My reasons for proposing the writing program were not all altruistic. Yes, I saw a deep need for guys in here to open their minds and express themselves constructively. But, I was looking for a way to present my own story. A week after my arrest I began keeping a journal. In these two plus years of incarceration I’ve written over 900 pages. My soul, my heartache, my hopes, my simple observations about days, are contained in those pages.


I’ve written in excess of 200 pages of my story centering on my arrest with flashbacks of trips to Vegas, the Caribbean and Atlantic City. I’ve written the first three chapters of a legal thriller. I’ve completed ten short stories. I write daily. It keeps my grounded and sane.


Back to this week’s class and “GT”. He was a student in the writing class. I say “was” because he quit the class.


GT is 34. He comes from Camden, New Jersey. His mother was a crack addict and he moved repeatedly from public housing unit to public housing unit. He never met his father.


He’s had a difficult life. He’s halfway through a ten year sentence for dealing heroin. He “decided” six months ago that he would write a “Gangsta novel” about life in the ‘hood. He signed up for the writing class to get editing help and feedback on his book.


Each week I ask the guys to read handout copies of short stories, poems, chapters from novels. We’ve put a reading list on reserve in the library and ask each student to commit to read three books during the term. The list includes works by Steinbeck, Hemingway, Harper Lee, Jack London, Melville, Wright, Hughes and Crane to name a few. Each week GT comes in and refuses to read. “I ain’t joinin’ no book club; I ain’t here to read no damn book. I wanna write my book, make money, buy a Benz, get me a ho’ and some ‘Henney’ and live.”


I switched tactics. Ms. W and I found essays by black writers, poems by Nikki Giovanni, Maya Angelou, Langston Hughes. All to no avail.


This week I tried a different tact. I edited a section of his book. I pointed out all the misspelled words, the sentence fragments, and improper punctuation. I showed him how his story was just one cliché after another. I came in with facts and figures on writers’ income and the unemployment rate for African-American males lacking college degrees. I handed out articles on publishing tips indicating that being well-read and writing properly matters. It fell on GT’s deaf ears.


Ms. W told me afterwards “you can’t make him do what everyone knows he needs to do. He’ll stand and fall on his own.”


I thought about both my sons and our family. When our oldest was about five (he’s now 22 and in law school), my wife began reading him “Where the Red Fern Grows”. It is an amazing story about a boy’s love for his two dogs - “Dan ad Little Ann” – and their love for each other. That story, I thought for a long time, captured the essence of the love my wife and I shared. After our divorce I can’t help but choke up as I think of “Dan” and “Little Ann”.

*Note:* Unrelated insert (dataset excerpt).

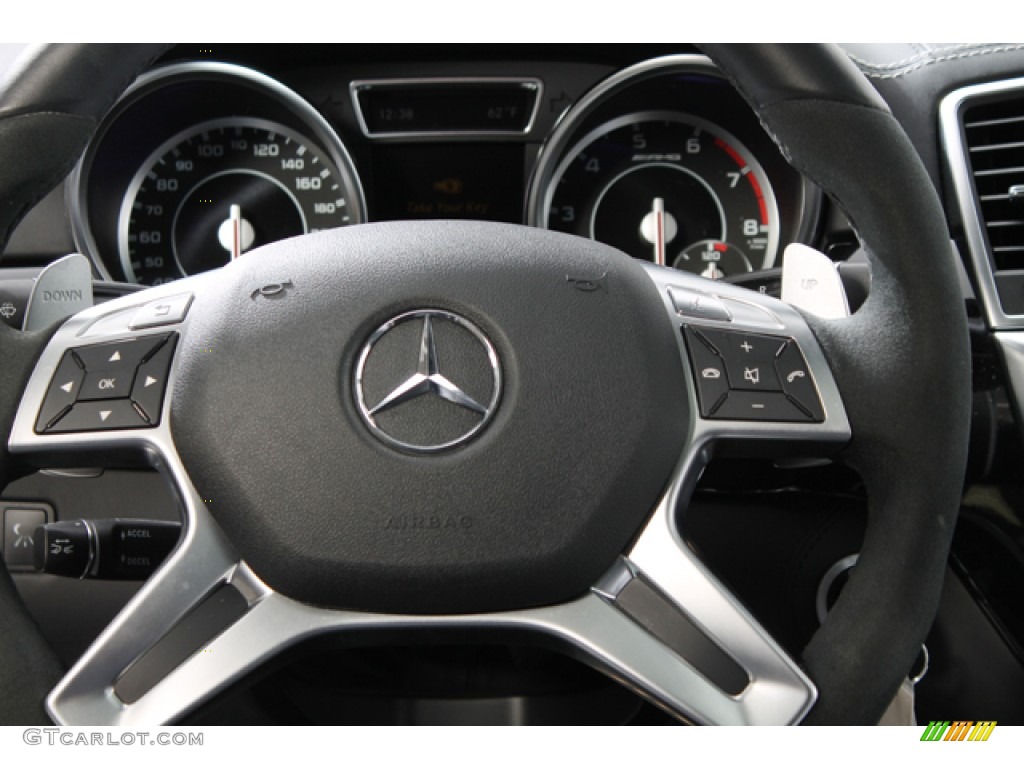 2012 Mercedes-Benz ML 63 AMG 4Matic Controls Photo #79450355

I took turns reading the story to my son. At the story’s tragic climax I was asked to read. I remember I began describing the scene and then reading about death, and devotion, and grief, and love. I felt tears roll down my cheeks as I read aloud what became of “Dan” and “Little Ann” and the boy. My wife sobbed. Our son sat transfixed, listening intently to the words, gauging our emotions.

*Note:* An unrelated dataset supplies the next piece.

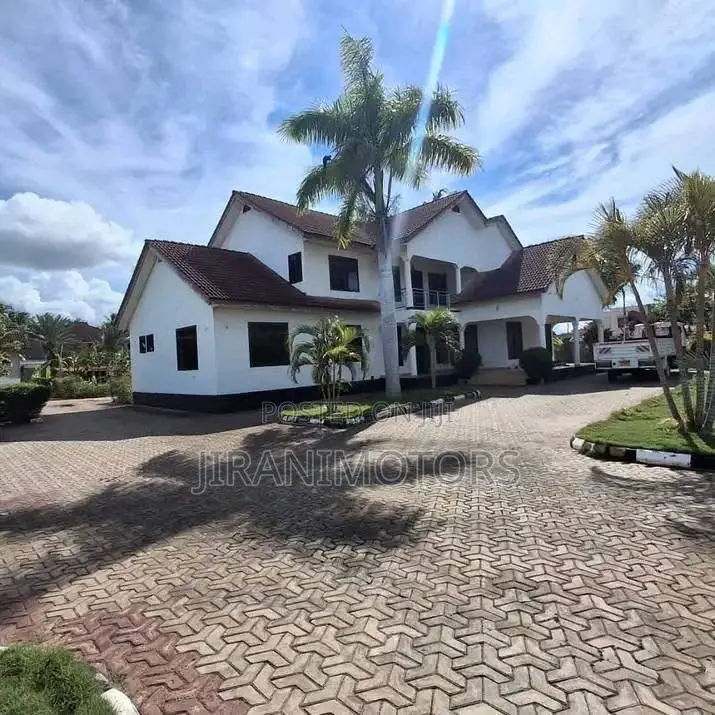 4bdrm House in Bahari Beach, Mbweni for sale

Reading was always a part of our family’s life. Each night, my wife read to our sons when they were small. Our youngest heard aloud the “Harry Potter” series. Vacation driving featured books on CD. Both boys came to expect regular stops at Barnes & Noble. Books, magazines and newspapers were always present in our home.

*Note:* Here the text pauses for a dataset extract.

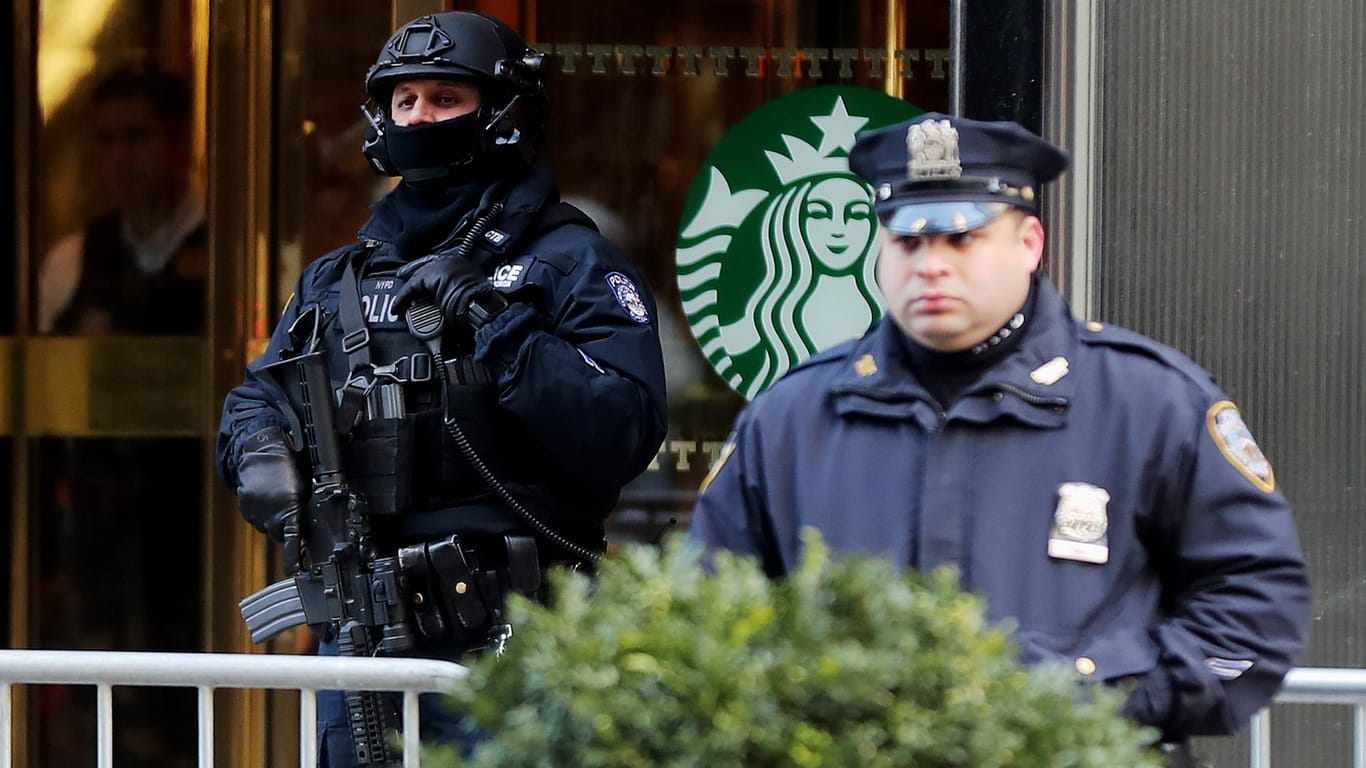 Schwer bewaffnete Polizisten bewachen den Trump Tower in New York.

Terry McMillan, author of “Waiting to Exhale” was recently interviewed on TV. When asked to give advice to upcoming writers she simply said “read, read, read”. I wish GT understood that.


So many men that end up behind bars do so out of ignorance and the pitiful circumstances of their lives. Mine was a crime of opportunity. I knew right from wrong but miscalculated – through pride and arrogance – the true cost of crossing the line. Of 1200 inmates here, around 50 are college educated, 50 enrolled in college, five with advanced degrees. Over half the compound lacks a high school diploma or GED.


Reading matters. Writing matters. Education matters. Perhaps someday GT will realize that, before it’s too late.